Concurrently, the depreciation of the Canadian dollar against its U.S. counterpart has rendered vacations in the United States considerably more expensive for Canadian residents. This economic reality directly reduces the purchasing power of Canadian travelers, making budget-conscious decisions more critical and potentially diverting spending towards domestic or more affordable international destinations. Statistics Canada data corroborates this, indicating that 2025 saw the most substantial annual decrease in Canadian travel to the U.S. outside of the pandemic period.
Florida's Disproportionate Exposure
Florida, a perennial favorite for Canadian visitors, particularly during winter months, is experiencing a pronounced effect. The state accounts for a significant portion of the top declining metros, highlighting its deep reliance on Canadian tourism. Millions of Canadians, including "snowbirds" and seasonal residents, traditionally flock to Florida for its climate and lifestyle, with Canadians often comprising up to a third of the state’s international visitor base.
The implications extend to the real estate market as well, where many Canadians own property in Florida. Emerging data suggests a growing number of these property owners are considering divesting, potentially due to the same factors influencing travel decisions. This indicates a broader trend of reassessment of U.S. holdings and travel plans among Canadians, reflecting a potential weakening of long-standing cross-border ties.
Economic Ramifications for the U.S. Tourism Sector
The decline in Canadian visitation carries significant economic weight for the United States. Prior to this recent downturn, Canadian tourists were a cornerstone of the U.S. tourism economy, contributing approximately $20 billion annually and supporting an estimated 140,000 jobs. The reduction in these numbers, especially from such a reliable visitor base, creates a palpable economic gap.

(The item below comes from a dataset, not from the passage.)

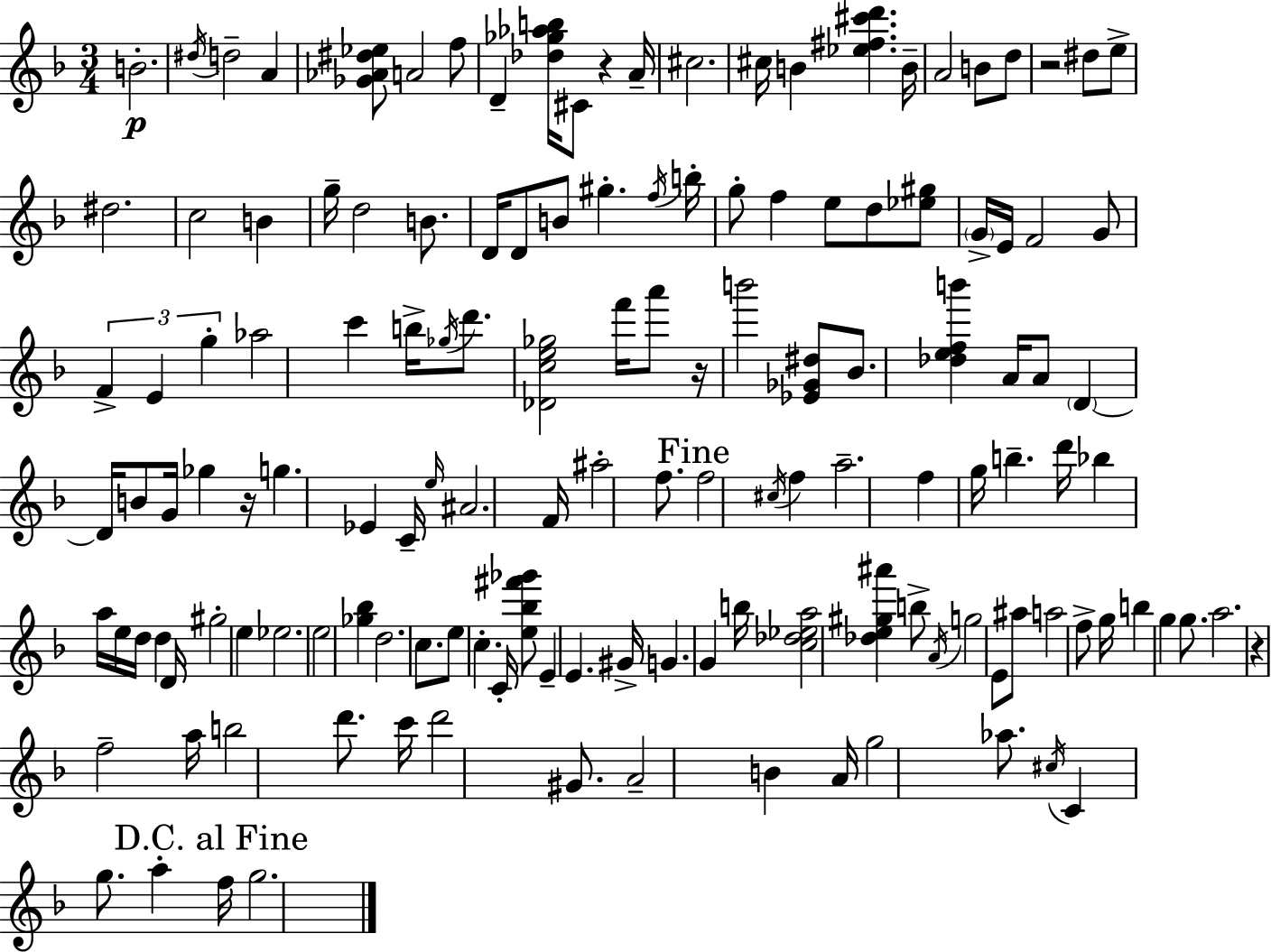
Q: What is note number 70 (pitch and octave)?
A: F5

International visitor spending in the U.S. saw a notable decrease, with the diminished presence of Canadian travelers being a key driver. The consistent, extended stays and diverse spending habits of Canadian visitors across various sectors—including hospitality, retail, dining, and entertainment—mean that even moderate decreases in their numbers can have an outsized impact on local economies. Destinations at the forefront of this decline are not merely losing tourist volume; they are forfeiting a crucial and dependable source of international revenue.
Impact Analysis
The substantial drop in Canadian tourism to the U.S. signifies a critical juncture for the American travel industry. It necessitates a strategic reevaluation of how to attract and retain this vital demographic. Understanding the specific economic and political triggers is paramount for developing targeted strategies, potentially involving revised marketing approaches, addressing exchange rate concerns where possible, and fostering a more welcoming political climate. Failure to adapt could lead to prolonged economic challenges for many U.S. tourism-dependent regions, particularly in states like Florida and major metropolitan hubs that rely heavily on this cross-border traffic.